No place to hide amid broad-based sell-off; top midcap stocks lose up to 50% in one month
NEW DELHI: The Indian market has almost reversed gains made so far in the year 2015, and the selling has been broad based with some of the midcap stocks losing up to 50 per cent in the last one month (as of data collected on April 20).
After a sharp fall in March, the S&P BSE Sensex has already plunged over 5 per cent so far in the month of April alone and a little over 2 per cent in the last one month.
Markets are weighed down by a heady mix of worries about corporate earnings slowdown in the March quarter, Chinese downturn, increasing debt worries in Greece, and concern over retrospective taxation of overseas portfolio investors.
The S&P BSE Midcap index might have slipped less than 1 per cent, but most of its constituents have registered double digit cut in the last one month. Top losers among the midcap stocks include names like PS IT Infrastructure & Services Ltd (down 53%), Risa International (down 27%), CCL International (down 24%), Just Dial (down 21%), Triveni Turbine (down 17%), etc.

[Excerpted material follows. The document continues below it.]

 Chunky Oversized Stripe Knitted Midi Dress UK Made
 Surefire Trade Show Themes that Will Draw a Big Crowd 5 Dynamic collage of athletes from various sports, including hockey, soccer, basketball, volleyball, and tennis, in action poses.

Most analysts on Dalal Street are of the view that midcaps might lose more than large caps if selling continues, and investors might be better off booking profits in these stocks, and buy them at a lower price. The overall growth story still remains intact, but for the short term, investors need to watch their portfolio and boom profit in midcaps or switch to large cap stocks.

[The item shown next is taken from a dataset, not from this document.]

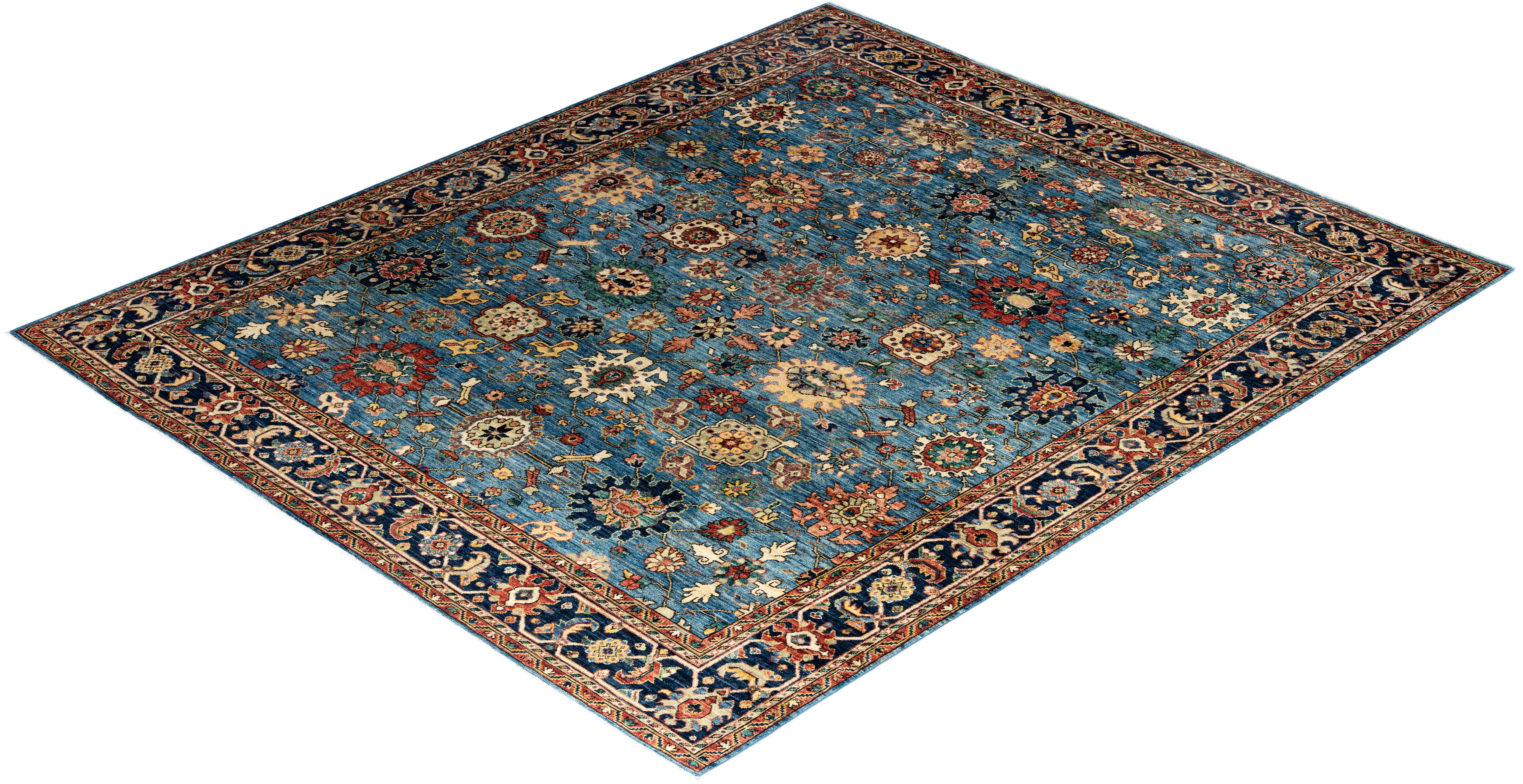 Tapis traditionnel Serapi noué à la main bleu de 8' 2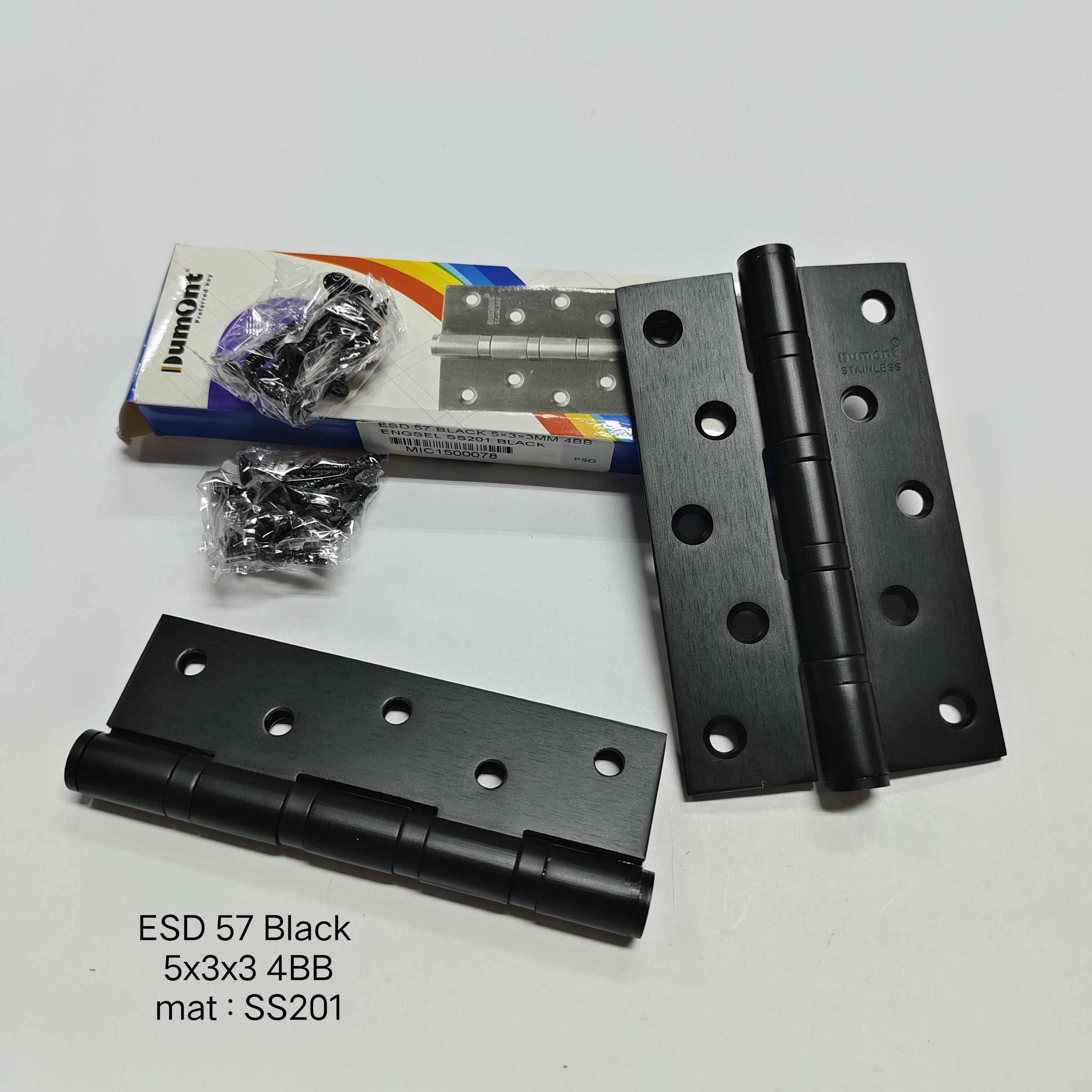 Dumont Engsel Pintu Stainless 5" x 3" x 3mm 4 Ball Bearing ESD57 MIC1500078 Finish Black untuk Pintu Berat hingga 60kg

“We have already seen a huge upside rally in Midcap Index and now over strength of market is down. So it is better to switch your portfolio in large cap stocks from midcap stocks,” says Vivek Gupta, CMT – Director Research, CapitalVia Global Research Limited.
“Investors should book profit in midcap stocks at market price itself. We are expecting CNX Midcap to correct at least 900 points from here,” he adds.

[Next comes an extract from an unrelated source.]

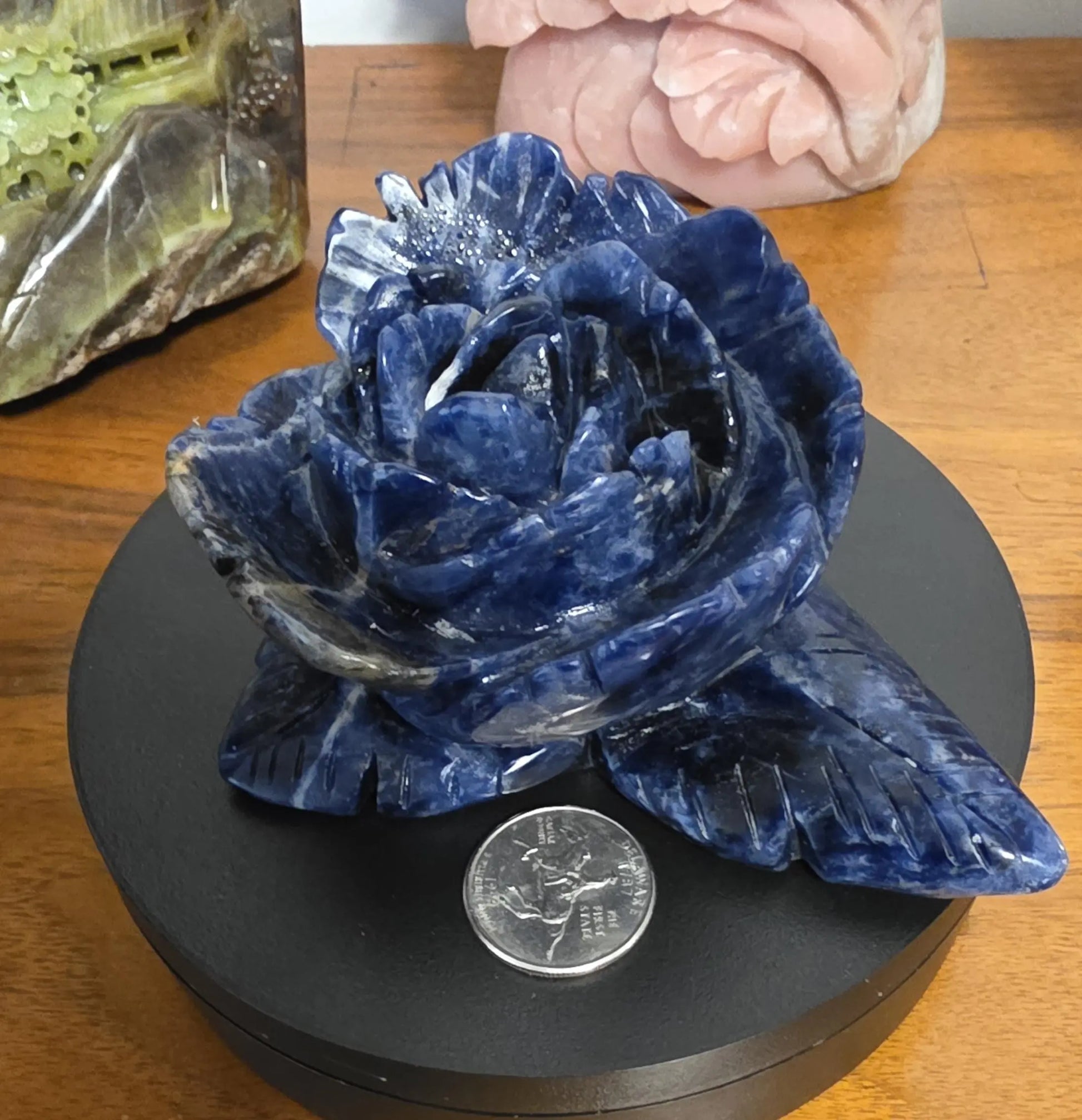 Carved Blue Sodalite Rose, Blue Flower Statue,Desk Sculpture,Third Eye, Throat Chakra Etsy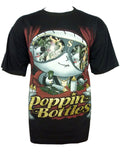Stewie poppin bottles graphic on a black adult t-shirt.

Midcaps have caught the fancy of institutional investors in recent times. Since CY 14, they have outperformed large caps by 29%, ICICI Securities said in a report.
This is because since early CY14, the ‘hope rally’ in Indian equities has seen midcaps outperform large caps. suggesting that investors preferred the former in an improving growth outlook environment.
“Our empirical analysis reveals that sluggish growth and stagnation phase impacts midcaps more negatively than large caps. Consequently, during the ensuing economic recovery phase, midcaps grow faster due to favorable base effect and outperform large caps,” said the report.
Unlike the peak of 2007, when cyclicals drove midcap valuations, current valuations are driven by defensives, which have surpassed their peak valuations despite the outperformance of cyclicals in CY14.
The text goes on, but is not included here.